Who are you?
My name is Sarah Ferone and I’m an illustrator based in Philadelphia. In college I studied painting, but changed course after I graduated and headed into design. My first job was at an ad agency in Chicago, and then I moved to Philly to work at a non-profit. However, after I explored illustration as a path a few years ago, there was no turning back.
What are you working on?
Recently, I’ve been working on a some editorial assignments and a private commission, all featuring food illustration – one of my favorite things to draw. Also, I try to squeeze work for a passion project into my schedule when I can: a custom deck of playing cards!
Choose a favorite shot of yours. Why is it a favorite?
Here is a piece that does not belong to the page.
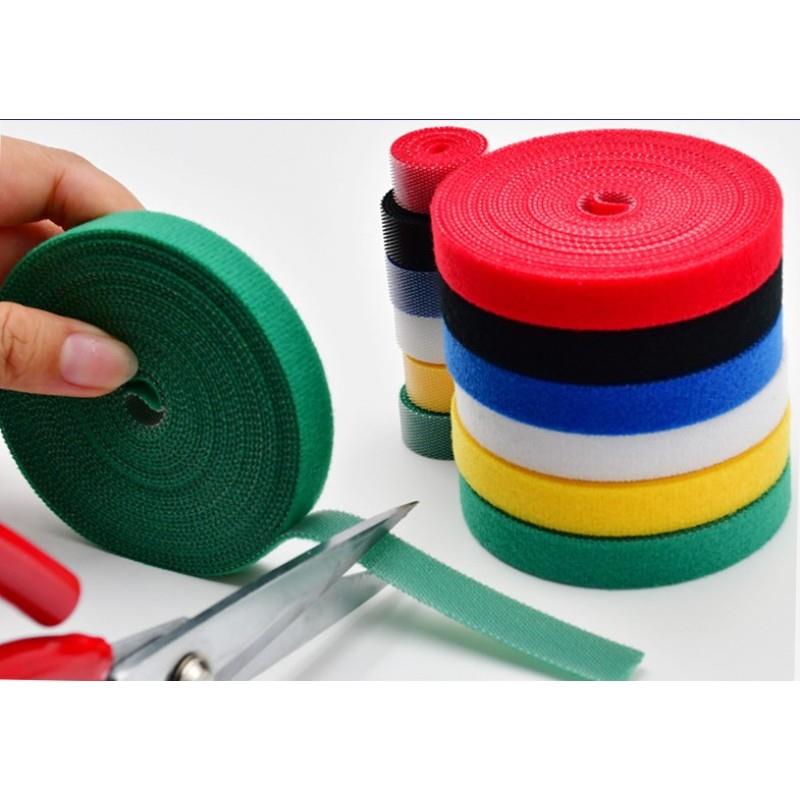 zhltools-cirt-cirt-kablo-duzenleyeci-kablo-koruyucu-5-metre-315539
My favorite shot is probably the Queen of Hearts from my set of playing cards. It’s one of the largest and most intense projects I’ve worked on yet. With so much to consider from carrying a consistent style throughout the 52 cards, to designing the tuck box packaging, and to making the cards functional for play – it’s been really fun to work on. My goal is to have the deck completed and produced this year.
Tell us about your setup. What tools did you use to create the shot (e.g. hardware, software, pens, paper, blowtorch)?
I work from home and converted an extra room into my studio. While I finish my illustrations in Photoshop, each one starts at the drawing table. I use watercolor, gouache, ink and some printmaking techniques to create the shapes and brushstrokes I’ll need for the piece I’m working on. Then they’re scanned in and composed digitally primarily using Photoshop and my old and tiny Wacom tablet. However my painting/fine arts roots have been tugging at me recently, and I would like to make some work off the computer this year.
Choose a favorite shot from another Player. Why do you dig it?
It’s really hard to pick just one, but I’m going to choose this shot by Julia Kuo. It’s from a whole series of tiny illustrations she made of the National Parks for Moo Cards. I love how she captured each location with brevity of line and shape, and her use of color is fantastic. It’s a great series to check out.